╭──

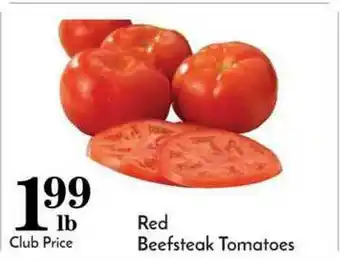 Pavilions Red Beefsteak Tomatoes offer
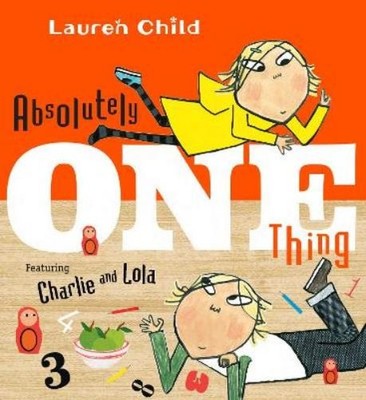 Lauren Child Absolutely One Thing (Paperback) Charlie and Lola
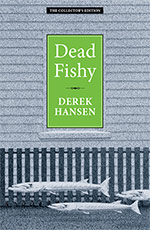 Dead Fishy by 
Derek Hansen
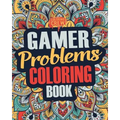 Gamer Coloring Book: A Snarky, Irreverent & Funny Gaming Coloring Book Gift Idea for Gamers and Video Game Lovers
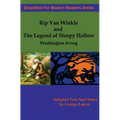 Rip Van Winkle And The Legend of Sleepy Hollow: Simplified for Modern Readers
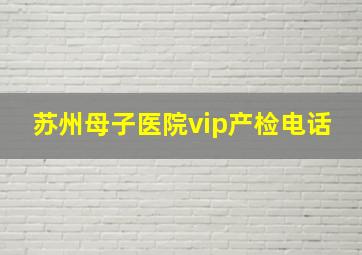 苏州母子医院vip产检电话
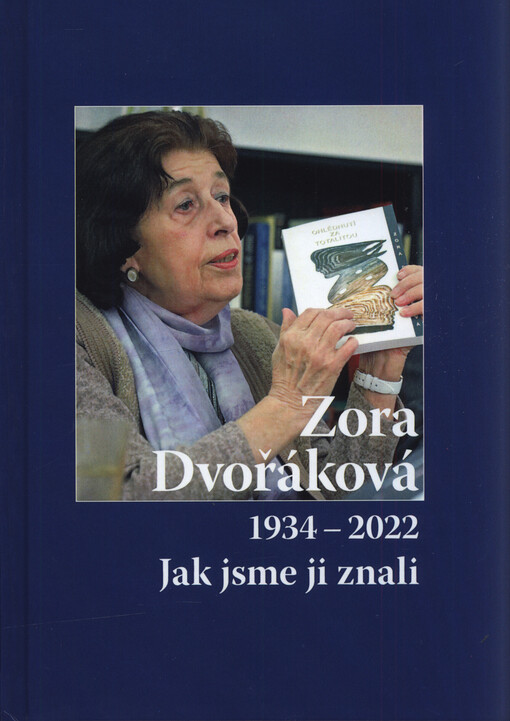 Zora Dvořáková 1934-2022 : jak jsme ji znali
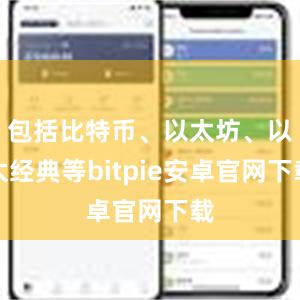 包括比特币、以太坊、以太经典等bitpie安卓官网下载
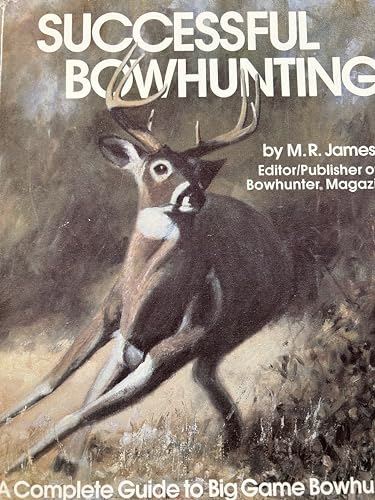 Successful bowhunting (9780936531007) by James, M. R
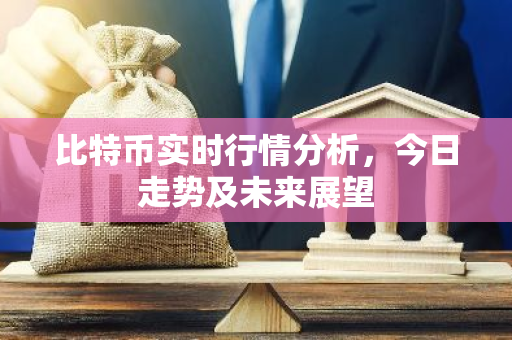 比特币实时行情分析，今日走势及未来展望-第1张图片-智财锋资讯网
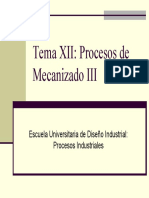 Tema 12 - Procesos de Mecanizado III (Diapositivas)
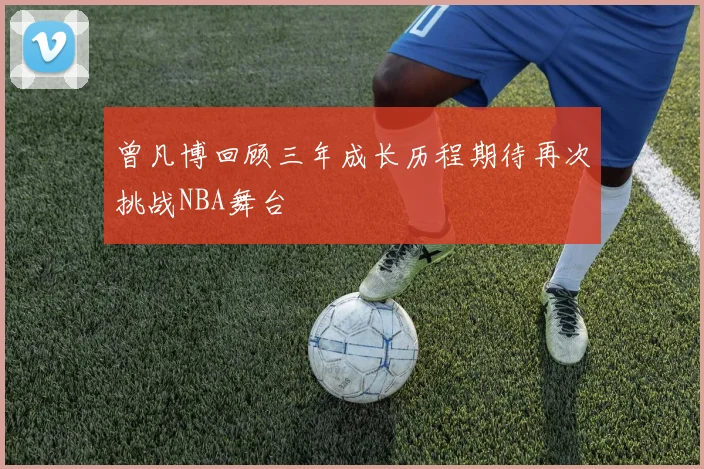 曾凡博回顾三年成长历程期待再次挑战NBA舞台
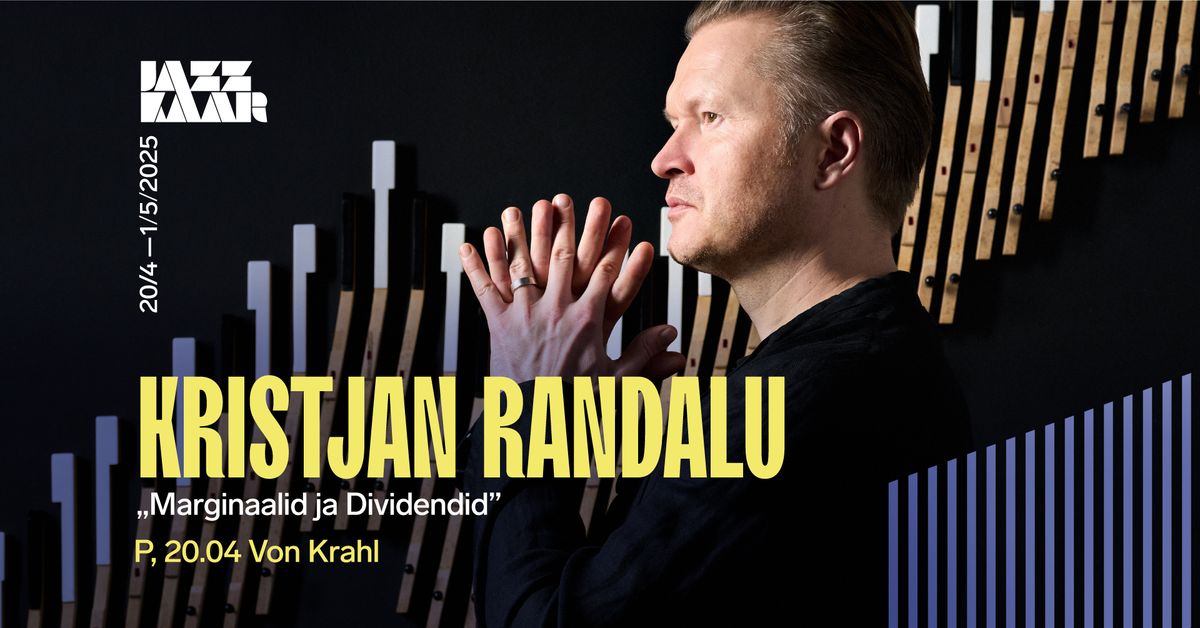 Kristjan Randalu \u201eMarginaalid ja Dividendid\u201c | Jazzkaar 2025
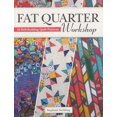 thumbnail image 2 of Fat Quarter Workshop: 12 Skill-Building Quilt Patterns, (Paperback), 2 of 3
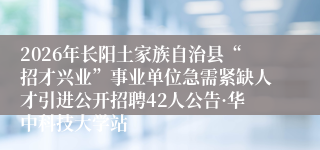 2026年长阳土家族自治县“招才兴业”事业单位急需紧缺人才引进公开招聘42人公告·华中科技大学站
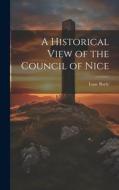 A Historical View of the Council of Nice di Isaac Boyle edito da LEGARE STREET PR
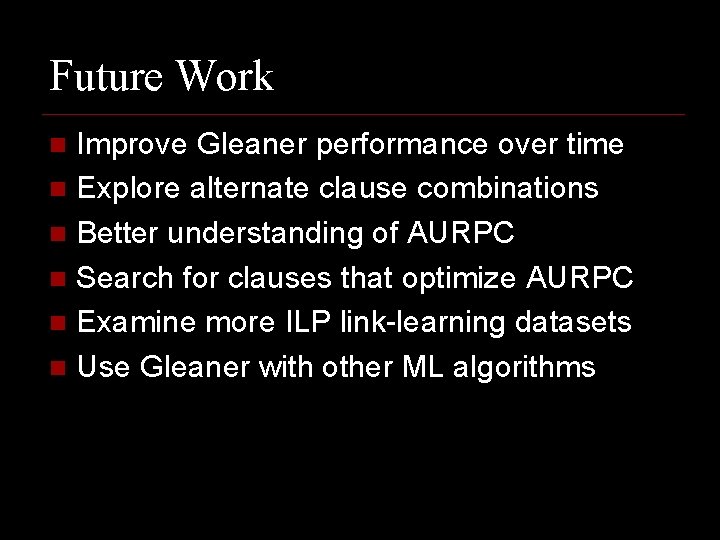 Future Work Improve Gleaner performance over time n Explore alternate clause combinations n Better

╰──

**About this task**: Copy exactly the lines running from the line with "thumbnail image 2" to the final line of the listing, keeping both ends and dropping any picture.

**Written reply**:
 thumbnail image 2 of Fat Quarter Workshop: 12 Skill-Building Quilt Patterns, (Paperback), 2 of 3
 2026年长阳土家族自治县“招才兴业”事业单位急需紧缺人才引进公开招聘42人公告·华中科技大学站
 A Historical View of the Council of Nice di Isaac Boyle edito da LEGARE STREET PR
 Future Work Improve Gleaner performance over time n Explore alternate clause combinations n Better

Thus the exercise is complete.